All of the data that follows is to be printed exactly, without pictures.

-- DATA SEGMENT follows --

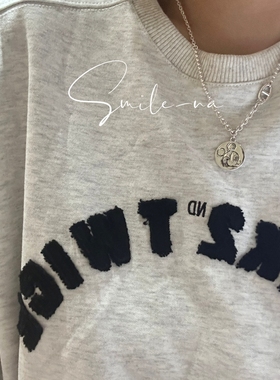 韩国进口S925纯银圆牌米奇吊坠拼接猪鼻鼻子时尚百搭锁骨链颈链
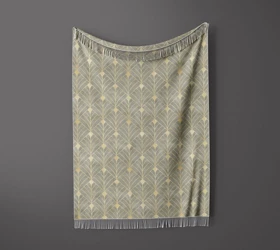 شال مبل ریش دار sofa shawl 222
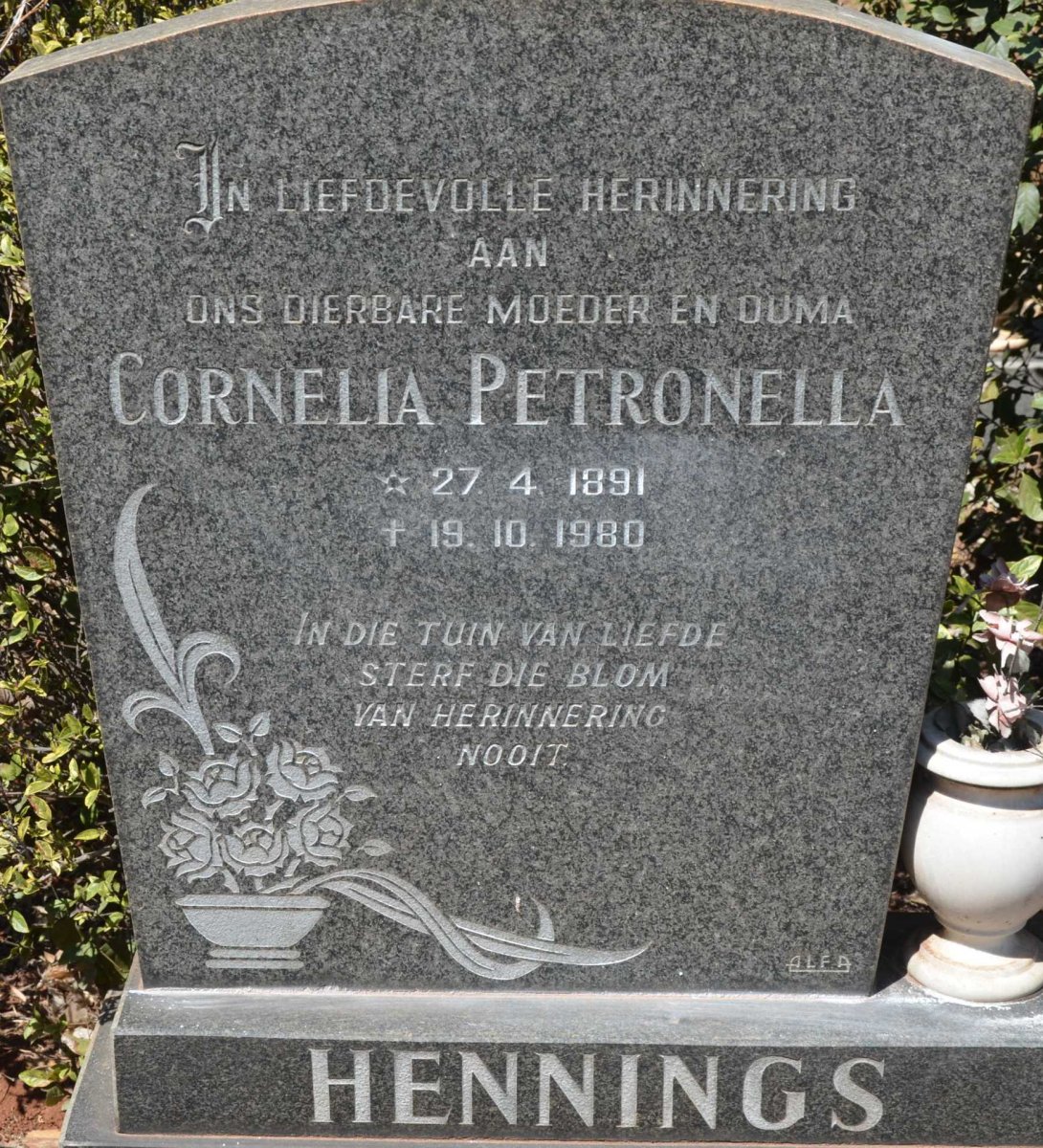 HENNINGS Cornelia Petronella 1891-1980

-- DATA SEGMENT concluded --

[RESPONSE]
 韩国进口S925纯银圆牌米奇吊坠拼接猪鼻鼻子时尚百搭锁骨链颈链
 شال مبل ریش دار sofa shawl 222
 HENNINGS Cornelia Petronella 1891-1980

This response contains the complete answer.